Seu recuo de 90 dias, três meses, concede um prazo razoável para o mundo entender melhor aonde o presidente dos Estados Unidos quer chegar. A sua proposta de substituição de importações, velha política latino-americana sugerida pela Comissão Econômica para a América Latina e o Caribe (Cepal), parece fora do tempo. As indústrias norte-americanas que migraram para a China também se modernizaram no país que as recebeu. Os trabalhadores foram substituídos por robôs. Se a política de Trump tiver algum resultado positivo, nos próximos anos será representada por nova geração de robôs que vão trabalhar em fábricas norte-americanas. Mas nada disso acontecerá no curto prazo, nem dentro de um mandato presidencial de quatro anos.
O mundo conseguiu um prazo para respirar. Os europeus, que já tinham decidido retaliar na mesma proporção do agravo, resolveram aguardar 90 dias. A maioria dos países se contentou com esse novo prazo e passou a assistir de arquibancada à luta entre os dois gigantes do comércio mundial. Os chineses jogam xadrez. Responderam vendendo 50 bilhões de dólares em títulos do Tesouro norte-americano, o que provocou a desvalorização do papel e quebrou a confiança internacional naquele investimento.

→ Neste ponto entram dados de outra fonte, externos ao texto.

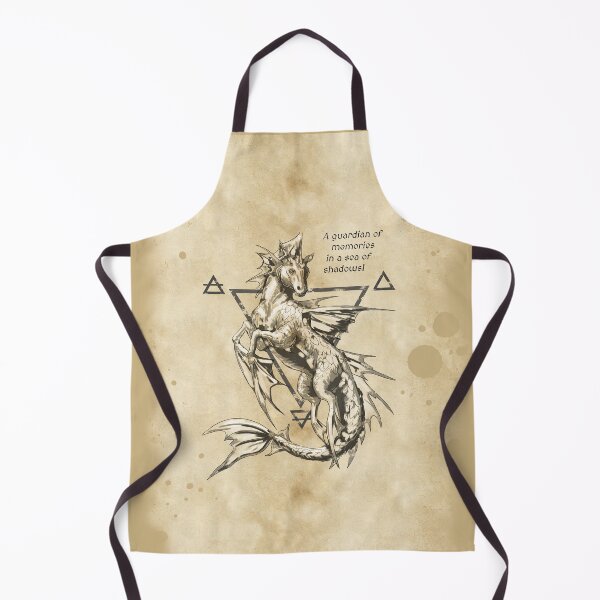 Item preview, Alchemy Sea Guardian – Sacred Geometry Fantasy Sea Horse designed and sold by VitalusDesignArtV.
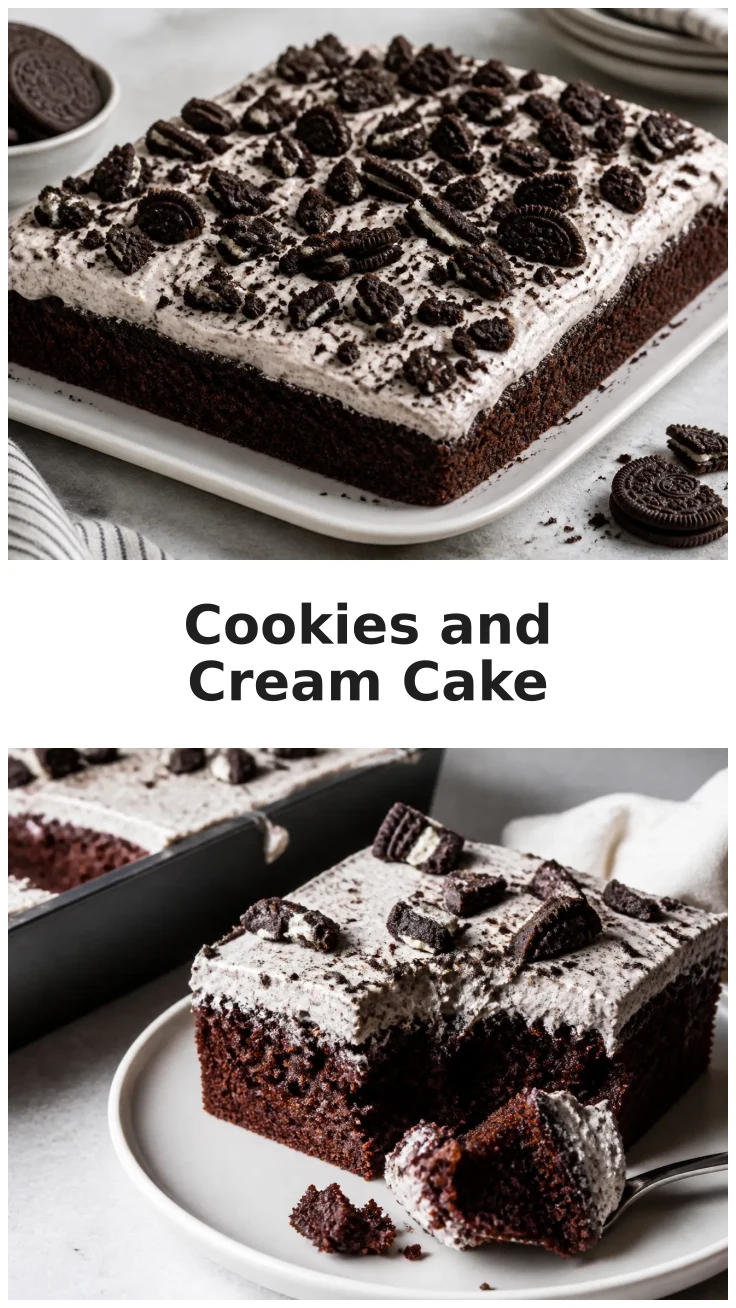 Fluffy Cookies and Cream Sheet Cake Recipe for Celebrations Fluffy Cookies and Cream Sheet Cake Recipe for Celebrations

Os americanos acusaram o golpe e recuaram imediatamente. Mas taxaram os produtos chineses em absurdos 145%.
Guerras tarifárias não costumam consagrar vencedores ou vencidos. Costumam dar motivos para guerras de verdade, tiros e bombas para todos os lados. As últimas duas guerras mundiais estão repletas de exemplos de tributação excessiva que degenerou em conflito bélico. A condenação da Alemanha a pagar vultosas multas após a primeira guerra resultou na indignação do país, na consequente preparação bélica que desaguou no conflito que produziu mais de 50 milhões de mortos.
A irracionalidade dos dirigentes políticos não é recente, nem original. As pessoas suspeitavam que os novos e mais eficientes meios de comunicação produziriam melhores líderes, mais bem informados. Não é verdade. Trump é um legítimo representante do pensamento dos anos 30 do século passado. Além disso, ele é contra a educação nos Estados Unidos — persegue estudantes que façam crítica ao governo norte-americano e a Israel —, expulsa migrantes sem qualquer critério, nem julgamento. Coloca gente de outro país em prisão em El Salvador, a troco de um generoso pagamento. Ataca o Judiciário, não respeita as leis, além de ter traído a confiança de grandes eleitores, que contribuíram com milhões de dólares para sua campanha. Destruiu a aliança ocidental e quebrou o cristal da confiança que o governo de Washington inspirava no mundo. Demitiu milhares de funcionários públicos.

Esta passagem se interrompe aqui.